Vasculitis

Vasculitis

ANCA-associated vasculitis

The ANCA-associated vasculitides (AAV) comprise a triad of disorders that cause various degrees of vascular inflammation, both affecting the kidney and often other organs. The overarching name derives from the autoantibodies that characteristically develop in these diseases, that comprise:

  • Granulomatosis with polyangiitis (GPA, formerly known as Wegener’s granulomatosis)
  • Microscopic polyangiitis (MPA, formerly known as microscopic polyarteritis)
  • Eosinophilic granulomatosis with polyangiitis (EGPA, formerly known as Churg-Strauss syndrome).

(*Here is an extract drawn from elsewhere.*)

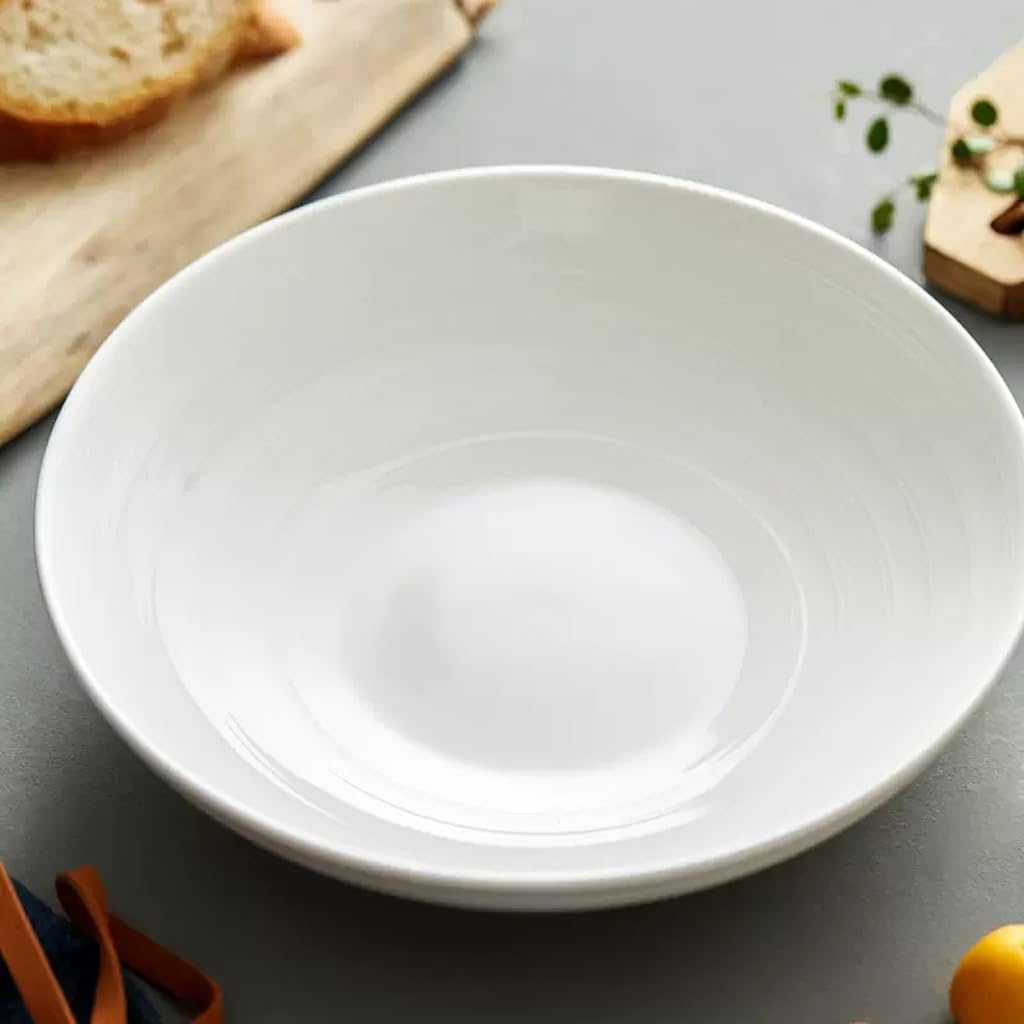 Insalatiera Piatto da cucina Contorno Bianco for la casa Piatto fondo Insalatiera di verdure Stoviglie for ristoranti di hotel in ceramica Forniture Per La Cucina(M)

The nomenclature as well as the understanding of the pathology, immunology, clinical features, treatment and management of AAV, has progressed apace over the past 40-50 years in large part due to the collaborations between investigators and disciplines on an international scale. UK nephrologists, along with UK colleagues in rheumatology, have played a significant role.

The Early Years

In the 1970s, much focus was on rapidly progressive glomerulonephritis (RPGN), the hallmark features of crescents and fibrinoid necrosis occurring either with or without linear staining for IgG along the glomerular basement membrane (GBM). The presence of linear IgG staining was equated with anti-GBM antibody mediated disease (see history article xxx), while absence of such staining was argued to be due to an immune complex mediated process since immune complexes were deemed detectable in some of these patients using a radiolabelled C1q deviation test. The success of the Hammersmith Hospital group (including Keith Peters, Andy Rees and Martin Lockwood) in treating anti-GBM disease with high dose corticosteroids, cyclophosphamide, azathioprine and plasma exchange, led to its application in patients without anti-GBM antibodies but who had RPGN, often with pulmonary haemorrhage (again, common to both groups).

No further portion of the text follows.